╔══

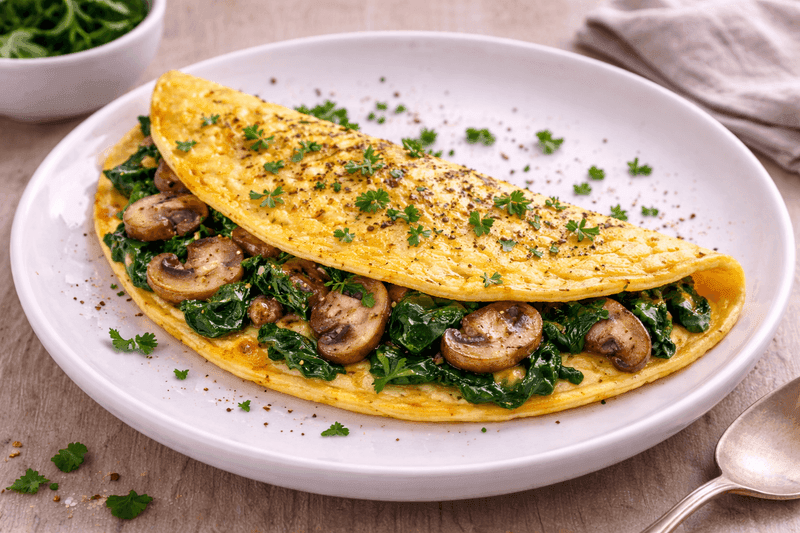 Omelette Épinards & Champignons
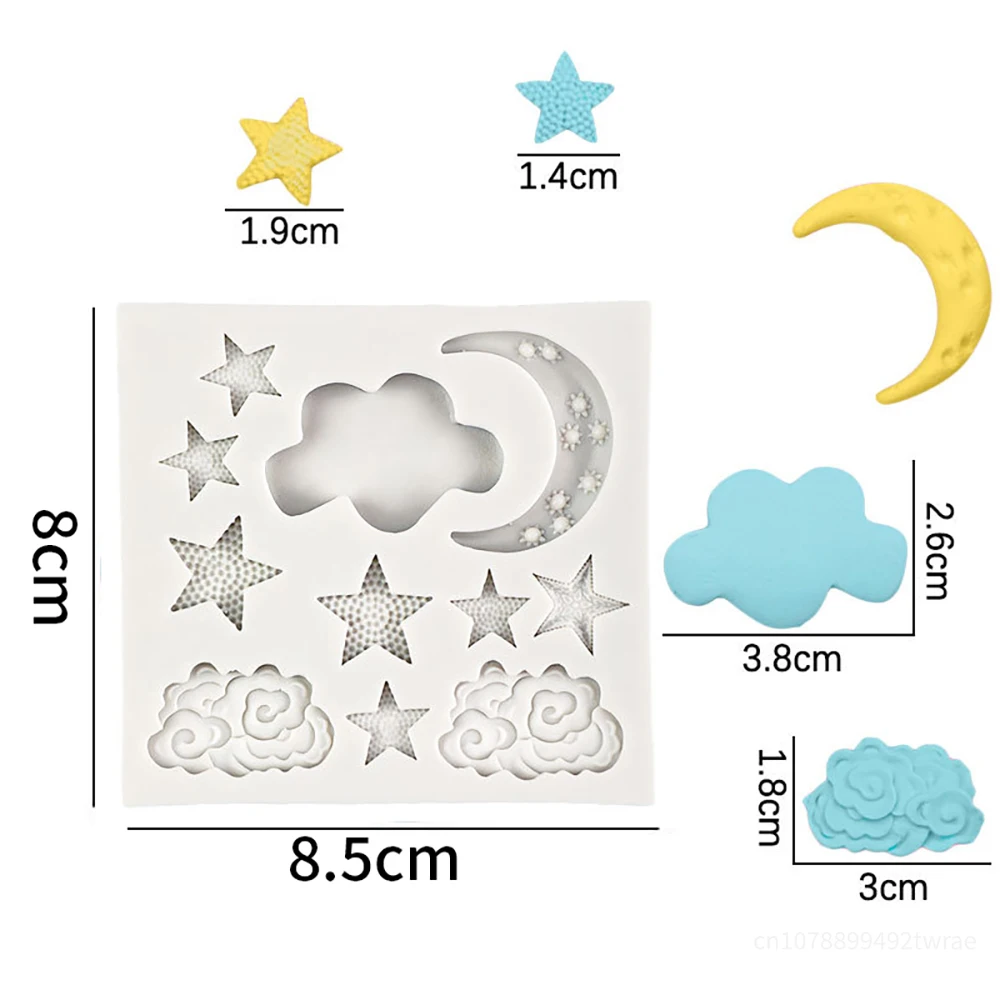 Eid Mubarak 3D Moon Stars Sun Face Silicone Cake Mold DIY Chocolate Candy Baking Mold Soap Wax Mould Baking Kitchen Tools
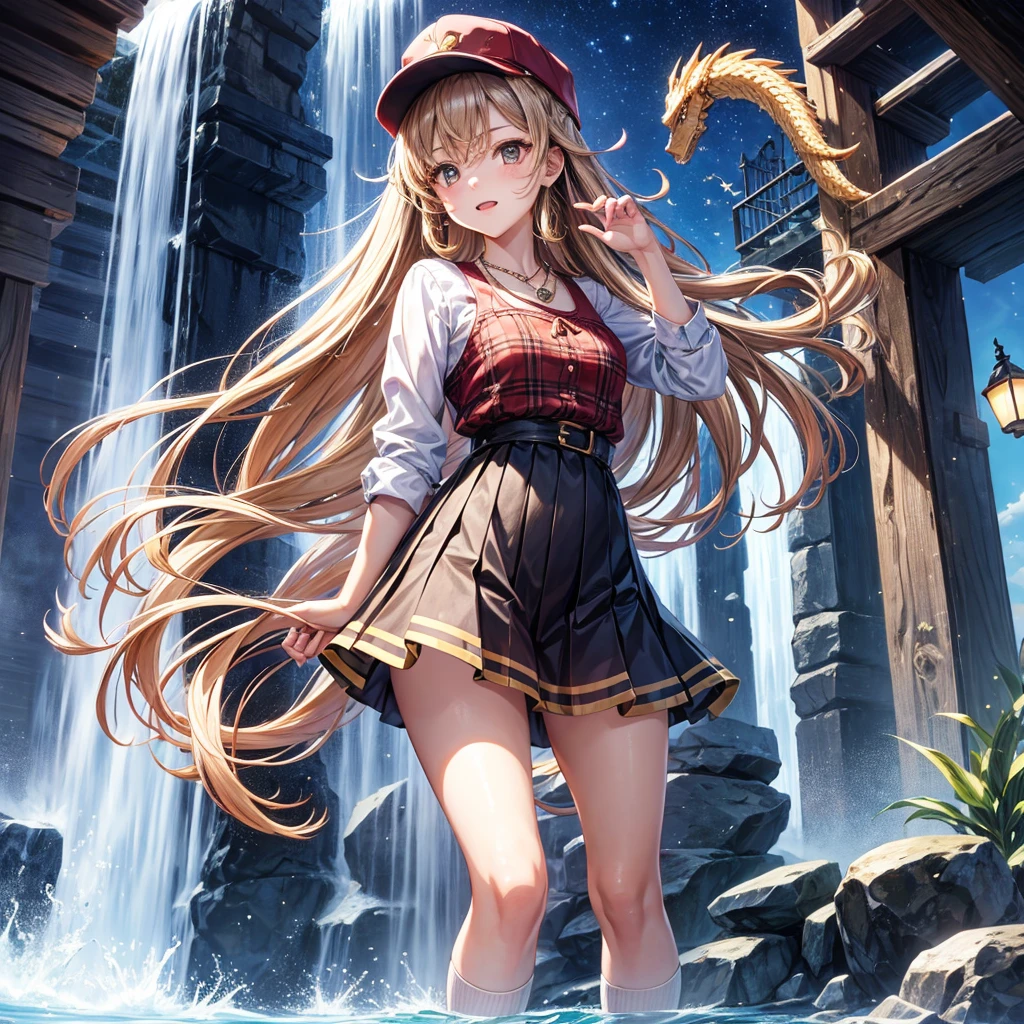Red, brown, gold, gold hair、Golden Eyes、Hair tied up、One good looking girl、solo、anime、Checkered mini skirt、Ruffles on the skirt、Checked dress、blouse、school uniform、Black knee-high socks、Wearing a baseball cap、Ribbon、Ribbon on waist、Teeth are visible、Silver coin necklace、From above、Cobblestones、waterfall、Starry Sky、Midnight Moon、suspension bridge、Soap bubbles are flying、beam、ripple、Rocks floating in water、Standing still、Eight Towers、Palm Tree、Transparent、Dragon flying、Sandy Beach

╚══
╔══

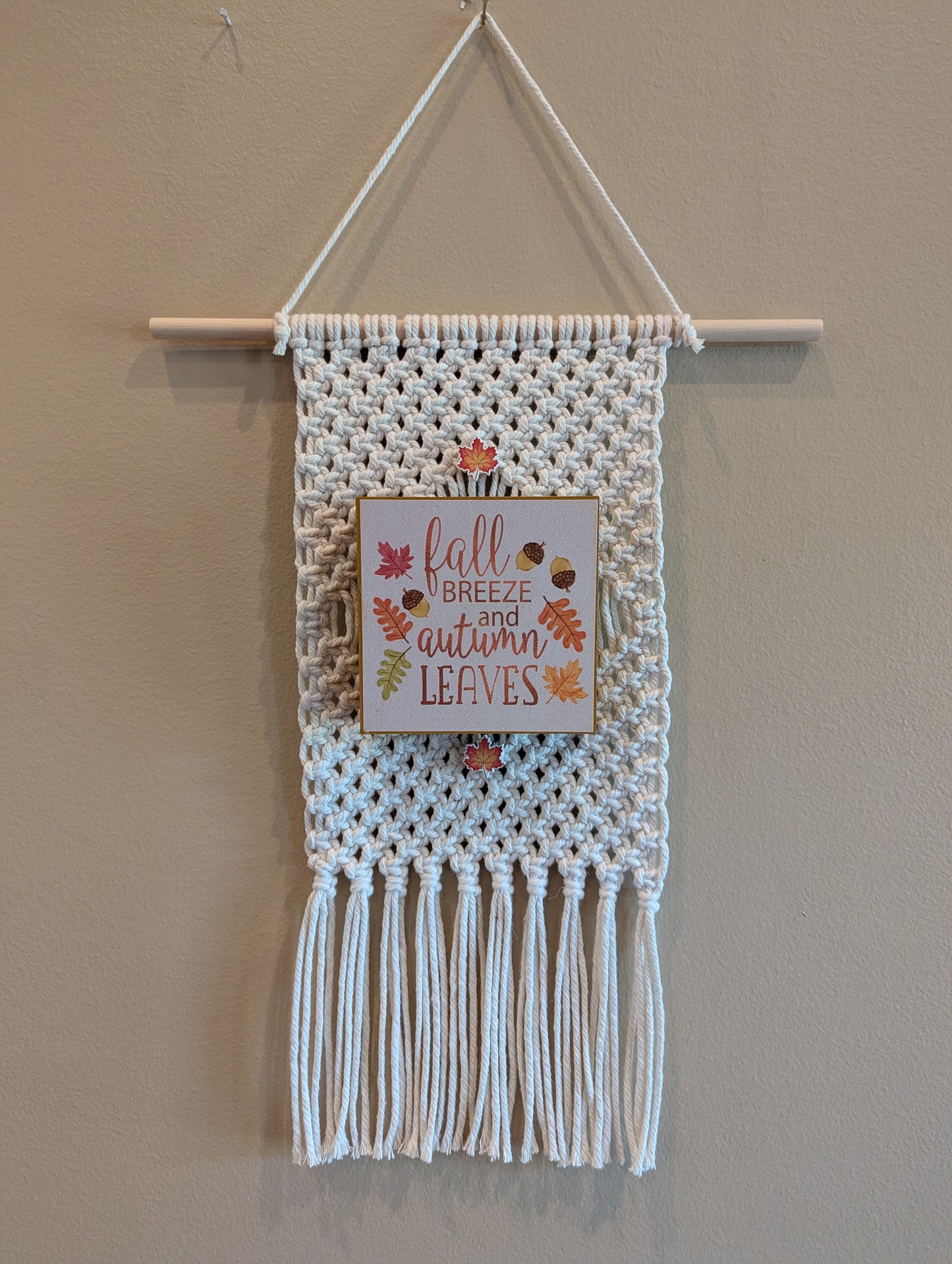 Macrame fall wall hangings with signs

╚══

### Task objective
Using the listing above, repeat word for word each line from the one with "Eid Mubarak 3D" down to the one with "Red, brown, gold, gold", both included. Omit all pictures.

### Answer space
 Eid Mubarak 3D Moon Stars Sun Face Silicone Cake Mold DIY Chocolate Candy Baking Mold Soap Wax Mould Baking Kitchen Tools
Red, brown, gold, gold hair、Golden Eyes、Hair tied up、One good looking girl、solo、anime、Checkered mini skirt、Ruffles on the skirt、Checked dress、blouse、school uniform、Black knee-high socks、Wearing a baseball cap、Ribbon、Ribbon on waist、Teeth are visible、Silver coin necklace、From above、Cobblestones、waterfall、Starry Sky、Midnight Moon、suspension bridge、Soap bubbles are flying、beam、ripple、Rocks floating in water、Standing still、Eight Towers、Palm Tree、Transparent、Dragon flying、Sandy Beach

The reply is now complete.